[Opening Material provided section]
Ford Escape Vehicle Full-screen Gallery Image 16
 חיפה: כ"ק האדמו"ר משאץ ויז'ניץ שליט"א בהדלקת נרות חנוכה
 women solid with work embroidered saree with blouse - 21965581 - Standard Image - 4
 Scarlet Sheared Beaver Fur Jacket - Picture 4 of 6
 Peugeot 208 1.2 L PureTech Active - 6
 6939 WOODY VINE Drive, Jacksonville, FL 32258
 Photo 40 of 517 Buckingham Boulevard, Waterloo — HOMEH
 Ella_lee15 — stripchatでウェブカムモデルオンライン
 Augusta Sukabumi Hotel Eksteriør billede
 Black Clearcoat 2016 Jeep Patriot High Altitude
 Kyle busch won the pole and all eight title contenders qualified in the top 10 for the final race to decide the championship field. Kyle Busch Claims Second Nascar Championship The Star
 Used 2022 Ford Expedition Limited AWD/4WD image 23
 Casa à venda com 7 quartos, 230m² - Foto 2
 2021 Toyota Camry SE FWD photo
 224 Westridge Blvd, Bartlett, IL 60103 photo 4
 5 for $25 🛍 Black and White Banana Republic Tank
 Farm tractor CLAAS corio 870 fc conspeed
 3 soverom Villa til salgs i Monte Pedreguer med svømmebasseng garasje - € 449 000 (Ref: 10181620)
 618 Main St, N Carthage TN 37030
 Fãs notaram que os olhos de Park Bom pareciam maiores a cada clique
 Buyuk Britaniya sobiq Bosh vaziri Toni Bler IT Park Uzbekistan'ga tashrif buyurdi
[Closing Material provided section]
Print exactly the lines of the records from the one containing "5 for $25 🛍" through the end, and nothing besides them.

◆ Exercise output
 5 for $25 🛍 Black and White Banana Republic Tank
 Farm tractor CLAAS corio 870 fc conspeed
 3 soverom Villa til salgs i Monte Pedreguer med svømmebasseng garasje - € 449 000 (Ref: 10181620)
 618 Main St, N Carthage TN 37030
 Fãs notaram que os olhos de Park Bom pareciam maiores a cada clique
 Buyuk Britaniya sobiq Bosh vaziri Toni Bler IT Park Uzbekistan'ga tashrif buyurdi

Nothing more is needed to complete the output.